Requiring comprehensive consent to build a nuclear waste disposal site is “an excuse to do nothing,” according to a leader in the Nevada county that would be home to the long-delayed repository under Yucca Mountain.
“To believe that any controversial project in the 21st century will get consent from every level of government – state, counties, cities, tribes – is unrealistic,” Nye County Commissioner Leo Blundo, the body’s liaison on nuclear waste issues, wrote in an Aug. 14 letter to Senate Energy and Natural Resources Committee Chairman Lisa Murkowski (R-Alaska) and Ranking Member Joe Manchin (D-W.Va.). “To believe that the consent will stand over the years of review and licensing is even more unrealistic.”
Blundo noted that the law on disposition of the nation’s radioactive waste remains the 1982 Nuclear Waste Policy Act, which as amended in 2987 directs the Department of Energy to build its repository under a plot of federal land about 100 miles northwest of Las Vegas.
The commissioner was offering his thoughts on Senate Bill 1234, the Nuclear Waste Administration Act of 2019, filed by Murkowski on April 30. The legislation contains a number of measures to promote interim storage and permanent disposition of tens of thousands of metric tons of nuclear waste.
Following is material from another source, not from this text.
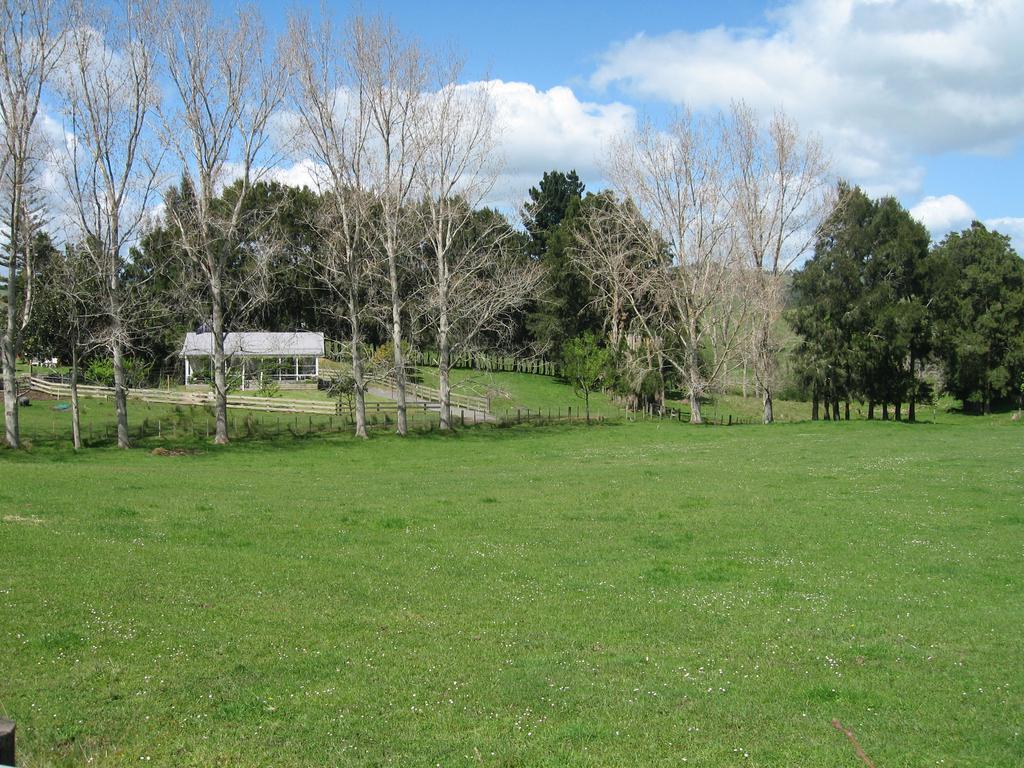 Miranda Orchard Cottage Exterior foto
They include requiring consent for any storage or disposal facility from the governor of the participating state, the governing body of the municipality in which the site would be built, and the governing bodies of impacted Indian tribes.
Blundo argued that it could be difficult to achieve “universal” consensus, and that in any case it might not last. He pointed to the case of New Mexico, where Holtec International hopes to build an interim storage facility for spent fuel from nuclear power reactors. While the state government under then-Gov. Susana Martinez (R) supported the project, it faces strenuous opposition from the administration of current Gov. Michelle Lujan Grisham (D).
In any case, a permanent disposal solution will be needed for interim storage to succeed, according to Blundo.
“Given the unlikelihood of getting consent for a permanent repository, if an interim site is authorized, it will become a de facto final resting place for nuclear waste,” he wrote. “As a result, States and local governments will likely be unwilling to accept interim storage.”